On pourrait distinguer un premier type de forum, qui se caractérise par un nombre conséquent de participants et qui induit la cohabitation de différents paradigmes idéologiques. Ce type de forum n’est généralement pas propice à la discussion et à l’échange constructif précisément parce que l’existence de paradigmes opposés ne jette pas les bases d’un dialogue, mais plutôt celles de l’invective ou de l’argumentation superficielle. Quant bien même, l’argumentation d’une des parties serait fort pertinente, il est bien rare d’observer l’émergence d’un paradigme dominant. Pour qu’un débat soit constructif, il faut au contraire qu’il y ait un objet à ce débat et que les individus ne soient pas organisés selon des schémas groupaux, puisque ces derniers substituent à l’échange sincère la joute rhétorique.

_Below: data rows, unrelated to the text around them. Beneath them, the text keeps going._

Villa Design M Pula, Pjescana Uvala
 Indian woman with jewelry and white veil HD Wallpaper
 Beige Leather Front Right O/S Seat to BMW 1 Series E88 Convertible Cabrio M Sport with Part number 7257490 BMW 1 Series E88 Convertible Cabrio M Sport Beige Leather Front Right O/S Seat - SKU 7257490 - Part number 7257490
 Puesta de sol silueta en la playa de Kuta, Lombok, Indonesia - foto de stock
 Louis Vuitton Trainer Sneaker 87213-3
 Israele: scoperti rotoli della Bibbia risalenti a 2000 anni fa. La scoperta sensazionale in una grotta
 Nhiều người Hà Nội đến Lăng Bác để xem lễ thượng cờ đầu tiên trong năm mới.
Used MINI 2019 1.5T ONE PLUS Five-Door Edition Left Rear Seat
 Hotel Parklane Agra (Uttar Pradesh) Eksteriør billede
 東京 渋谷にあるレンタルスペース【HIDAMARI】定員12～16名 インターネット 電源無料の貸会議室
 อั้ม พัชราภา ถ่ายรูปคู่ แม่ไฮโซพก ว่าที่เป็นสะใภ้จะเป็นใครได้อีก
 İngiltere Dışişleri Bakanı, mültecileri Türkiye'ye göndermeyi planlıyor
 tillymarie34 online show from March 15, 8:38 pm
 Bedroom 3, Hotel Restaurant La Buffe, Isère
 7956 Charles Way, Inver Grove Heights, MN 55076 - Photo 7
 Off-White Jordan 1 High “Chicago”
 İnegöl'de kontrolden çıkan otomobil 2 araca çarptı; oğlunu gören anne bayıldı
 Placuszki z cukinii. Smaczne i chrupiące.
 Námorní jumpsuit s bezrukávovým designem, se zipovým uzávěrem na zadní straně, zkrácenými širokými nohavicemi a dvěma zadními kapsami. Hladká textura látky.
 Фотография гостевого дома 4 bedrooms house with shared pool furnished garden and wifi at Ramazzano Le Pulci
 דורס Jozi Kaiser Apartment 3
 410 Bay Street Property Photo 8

Ainsi, on ne saurait envisager un débat fructueux sans l’existence d’un paradigme de pensée dominant : pour pouvoir discuter avec des individus, encore faut-il avoir une base commune, un ensemble de convictions et de principes qu’il s’agit de questionner. S’il cohabite, au contraire, des systèmes idéologiques opposés, le débat se mue en simple affrontement, en simple proclamation d’une hiérarchie de valeurs, ce qui ne permet ni d’étudier les dynamiques des différents systèmes ni de saisir la substance profonde des différents propos. Il ne faut pas s’y tromper : sur les forums généralistes, il n’existe pas une telle base commune et concrète à partir de laquelle discuter, puisque le dénominateur commun des individus consiste uniquement dans le « respect » et la tolérance des idées d’autrui. Cette conception prescrit simplement les règles du débat et non pas son contenu : ceci est un cadre de procédures et non un socle auquel chacun peut se rattacher.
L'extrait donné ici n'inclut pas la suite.